Não, não se trata da sequela do filme "O dia em que a Terra parou", onde Keanu Reeves protagoniza o papel de um ser alienígena que aterrou no planeta azul com a missão de alertar os humanos que a forma como se regiam estava a matar o globo terrestre. Neste caso trata-se de um jogador de futebol, que aterrou em Madrid para ser glorificado por uma multidão de 80 mil adeptos "merengues", eufóricos com a apresentação do português no mítico Santiago Bernabéu.
Foi de facto um espectáculo arrepiante, em todos os sentidos. Se por um lado, ver um português mobilizar tamanha massa de adeptos no dia da sua apresentação é algo de relevante, por outro ser obrigado a pactuar com esta manifestação de luxúria e glorificação de um simples ser humano é algo de inadmissível.

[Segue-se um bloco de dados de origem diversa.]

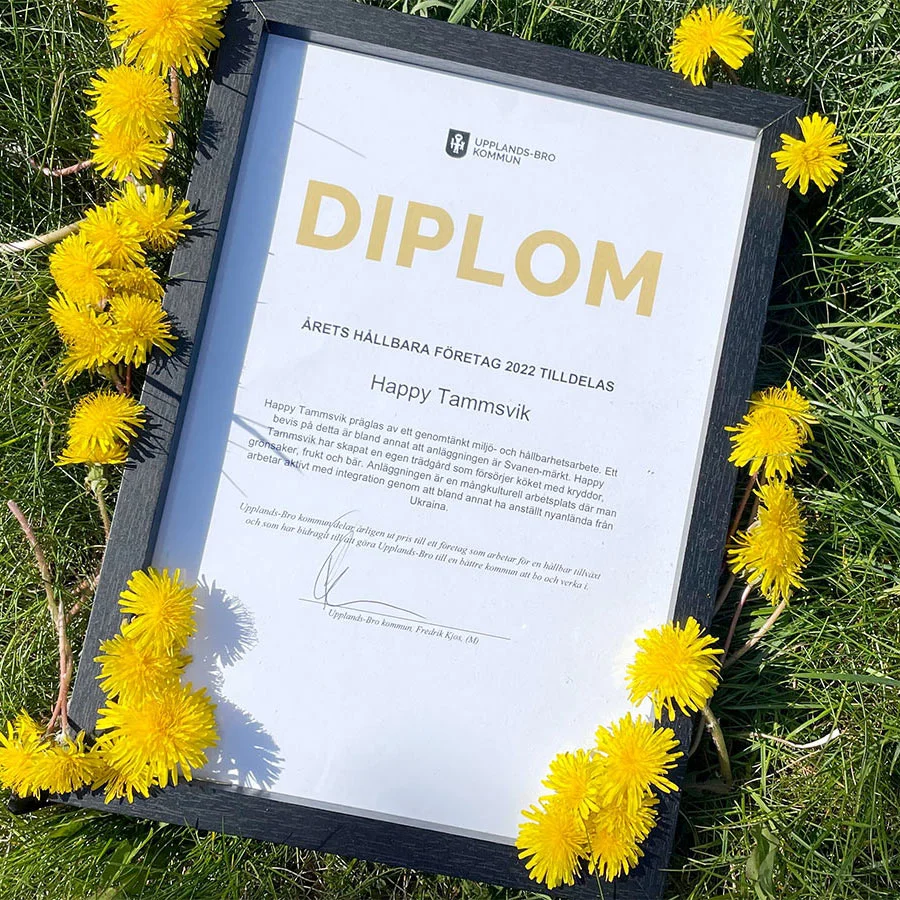 Diplom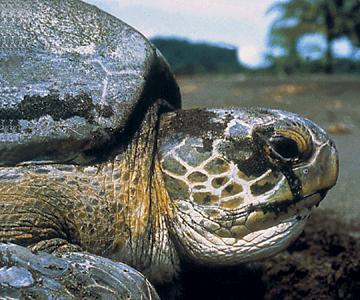Lingual Turtles Lacrimal Why sea turtles cry when nesting Marine Iguana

Como espectador de futebol, e parte integrante do mundo capitalista em que vivemos, não pactuo com a podridão intelectual que questiona o valor da transferência do capitão da selecção nacional. Muito menos quando uma das pessoas que se juntou ao 'movimento' dá pelo nome de Luís Figo, jogador que admirei pelo profissionalismo mas nem tanto por algumas contradições opinativas reveladas ultimamente. A verdade é que o processo negocial se desenrolou entre duas instituições privadas, que acertaram a transacção de um activo, tendo o desfecho agradado às duas partes, por motivos bastante diferentes.
O que não consigo entender é o porquê de tamanho 'circo mediático' em torno de uma mera apresentação, aos sócios do Real Madrid, de um jogador que, apesar de ser português, não passa disso mesmo, um profissional de futebol. E se canais como a SIC e TVI, devido ao estatuto de privado que detêm, têm total legitimidade de transmitir, durante o tempo que assim entenderem, o espectáculo degradante que foi a apresentação de Ronaldo, já a RTP1, pelo cariz público que possui nos seus estatutos, deveria ter tido maior contenção no tempo de transmissão da cerimónia. No total, foram quase 30 minutos, em que para além dos gritos histéricos dos adeptos madrilenos e das palavras vagas de Florentino Perez, se viu um Ronaldo, visivelmente satisfeito com tamanha adoração, como se de um deus se tratasse, a falar um luso-castelhano, no mínimo, rudimentar.
Porém, e como tenho vindo a constatar durante o dia-a-dia da vida, as pessoas têm aquilo que querem, e merecem. O problema é que, por vezes, essas pretensões chocam com as mais elementares preocupações sociais e económicas, de um mundo que caminha para a sua própria auto-destruição, tal como a película "O dia em que a Terra parou" o mostra, com um realismo preocupante. Uma globalidade onde a luxúria, a ostentação de poder e o exibicionismo público serão pilares centrais, tal como hoje ficou, mais uma vez, demonstrado.